Around the base there was an unexpected hive of activity of about a dozen people. Volunteers are scattered between partially constructed wooden huts. The Coast Guard has a presence here as well. Amid the work, one guy snoozes in a rocking hammock another is doing his laundry. The Rangers multi-task; they protect their island from fishing; they fix, repair and maintain the site. Their most dangerous activity is fighting off the Japanese in their cruel catching of sharks, slicing off fins, to then throw them back. They work eight weeks on four weeks off, which allows time for maritime study back on Costa Rica’s mainland.
The tiny community feels purposeful in a peaceful way within ideal surroundings; waves crunch onto the beach, frigates call from above and coconuts and limes plop onto the compacted sand. Hidden beside the main base are mountains of, not bullion, but confiscated fishing gear. Piles of snap connectors, plastic buoys, hooks, miles of line and heavy rope lay in neat, abandoned heaps. Even buoys with high-tech radio signalling equipment are scattered amid the debris.
After a brief escort around the functioning part of the island we are pointed in the direction of a swimming hole, about an hour’s walk away. With sweat coursing through our salty skin and wobbly sea legs trying to balance on tilting terra firma, we trek through the verdant jungle. Deer and boar apparently roam the island, too shy to reveal themselves. A dinosaur has yet to be sighted! Mosquitoes are not a problem, there are too few bodies for feasting.
Our hike took us over an extraordinary home-made bridge, fashioned from confiscated fishing gear. Gingerly stepping on the swaying structure, the bridge jingles, bobs and emits a little groan. It is a unique and oddly fitting structure, linking two pretty paths. After the bridge we climbed for what felt like a fortnight until we came across a dam of fresh water and gratefully peeled off our constraints. The cool water almost set our hot bodies hissing steam as we dipped into salubrious relief.
On return to the base, treasure-less, the diesel situation had not moved on. Radio calls finally revealed that a letter should be composed from us to the Rangers, seeking permission for fuel. Within ten minutes we were armed with appropriate prose. Still we waited. Finally as it started to rain we were granted permission to purchase the fuel from the tourist boat. With two 20-litre jerry cans Noel stoically rowed back and forth five times; the rain cooling and the relief of replenishment calming.

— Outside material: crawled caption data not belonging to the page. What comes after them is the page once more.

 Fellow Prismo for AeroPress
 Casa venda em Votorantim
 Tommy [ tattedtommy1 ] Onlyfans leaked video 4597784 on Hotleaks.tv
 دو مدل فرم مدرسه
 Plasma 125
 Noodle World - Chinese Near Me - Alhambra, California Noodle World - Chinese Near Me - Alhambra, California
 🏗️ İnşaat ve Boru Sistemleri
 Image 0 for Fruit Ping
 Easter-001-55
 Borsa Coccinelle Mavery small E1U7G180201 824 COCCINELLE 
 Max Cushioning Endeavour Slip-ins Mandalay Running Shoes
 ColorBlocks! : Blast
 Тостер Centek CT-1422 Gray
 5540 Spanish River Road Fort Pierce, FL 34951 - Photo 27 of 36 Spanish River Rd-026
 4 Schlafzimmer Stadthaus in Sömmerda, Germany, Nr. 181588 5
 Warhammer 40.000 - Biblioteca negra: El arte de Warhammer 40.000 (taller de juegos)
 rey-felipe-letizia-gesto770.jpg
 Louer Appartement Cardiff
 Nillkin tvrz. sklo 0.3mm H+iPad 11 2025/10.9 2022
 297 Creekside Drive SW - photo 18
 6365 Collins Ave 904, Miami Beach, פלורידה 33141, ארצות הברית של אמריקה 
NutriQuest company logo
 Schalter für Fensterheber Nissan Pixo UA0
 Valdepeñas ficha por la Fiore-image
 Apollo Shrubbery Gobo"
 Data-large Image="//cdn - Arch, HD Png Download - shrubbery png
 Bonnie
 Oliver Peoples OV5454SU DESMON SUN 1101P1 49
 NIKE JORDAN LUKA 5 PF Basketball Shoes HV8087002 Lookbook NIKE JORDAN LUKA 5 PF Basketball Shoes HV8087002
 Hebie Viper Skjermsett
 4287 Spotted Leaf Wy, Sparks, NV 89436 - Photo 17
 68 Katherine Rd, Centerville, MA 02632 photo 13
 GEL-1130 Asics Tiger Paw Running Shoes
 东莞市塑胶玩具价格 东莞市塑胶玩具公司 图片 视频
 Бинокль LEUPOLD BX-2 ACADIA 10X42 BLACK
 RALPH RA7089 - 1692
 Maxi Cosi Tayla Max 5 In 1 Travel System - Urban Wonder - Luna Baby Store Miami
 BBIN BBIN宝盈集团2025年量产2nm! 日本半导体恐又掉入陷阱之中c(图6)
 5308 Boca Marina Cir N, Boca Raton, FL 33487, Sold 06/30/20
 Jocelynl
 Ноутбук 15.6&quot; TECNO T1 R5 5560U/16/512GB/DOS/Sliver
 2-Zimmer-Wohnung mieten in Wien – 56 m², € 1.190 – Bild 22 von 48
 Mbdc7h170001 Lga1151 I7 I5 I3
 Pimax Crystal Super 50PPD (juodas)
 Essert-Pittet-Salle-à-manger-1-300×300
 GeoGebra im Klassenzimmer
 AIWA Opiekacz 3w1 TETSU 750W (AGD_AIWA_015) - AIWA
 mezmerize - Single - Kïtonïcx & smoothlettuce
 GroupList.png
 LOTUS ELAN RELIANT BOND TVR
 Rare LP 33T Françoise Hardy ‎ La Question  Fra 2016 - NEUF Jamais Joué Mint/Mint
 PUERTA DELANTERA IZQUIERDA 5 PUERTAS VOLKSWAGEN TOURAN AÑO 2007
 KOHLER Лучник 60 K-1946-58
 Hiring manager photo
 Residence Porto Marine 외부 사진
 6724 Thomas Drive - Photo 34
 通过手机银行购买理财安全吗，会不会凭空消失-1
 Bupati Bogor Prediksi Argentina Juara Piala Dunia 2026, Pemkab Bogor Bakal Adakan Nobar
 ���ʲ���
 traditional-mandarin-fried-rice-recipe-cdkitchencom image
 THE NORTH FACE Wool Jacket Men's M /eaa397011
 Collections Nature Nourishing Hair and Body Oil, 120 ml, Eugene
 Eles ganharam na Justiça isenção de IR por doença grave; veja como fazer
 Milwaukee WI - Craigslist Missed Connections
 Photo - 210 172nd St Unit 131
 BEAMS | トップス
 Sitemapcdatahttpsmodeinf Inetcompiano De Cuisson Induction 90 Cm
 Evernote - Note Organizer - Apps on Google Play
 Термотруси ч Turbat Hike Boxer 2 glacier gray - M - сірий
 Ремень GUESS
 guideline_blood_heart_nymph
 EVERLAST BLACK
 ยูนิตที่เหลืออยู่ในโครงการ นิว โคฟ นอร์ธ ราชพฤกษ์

Although the clouds persistently hang around the peaks, it actually didn’t rain much where we were moored. Happy to be there, our three days encompassed repairs, rest, exploration and re-fuelling. As we departed from the secret island that we would never see again, we peeked around the corner to the other anchoring location, Chatham Bay. There sat another sailboat, we had no idea they were there and would have enjoyed kindred spirit company. But it was time to go; hurricane season was almost upon us. With renewed enthusiasm we set our course for Ecuador and further traversing of the Intertropical Convergence Zone. As we approached the ITCZ, it greeted us with a bewildering array of layered greys, cracking winds and streaking lightning.
*The Intertropical Convergence Zone, ITCZ for short is also known to sailors as the doldrums.
From about 5° north and 5° south (depending on land temperature) the northeast trade winds and southeast trade winds converge in a low pressure system, this is the ITCZ. In this region, solar heating forces the air to rise (convection), causing plenty of rain and lack of horizontal movement of air (wind). Thunderstorms are prevalent in this area, they are normally short-lived, but plentiful.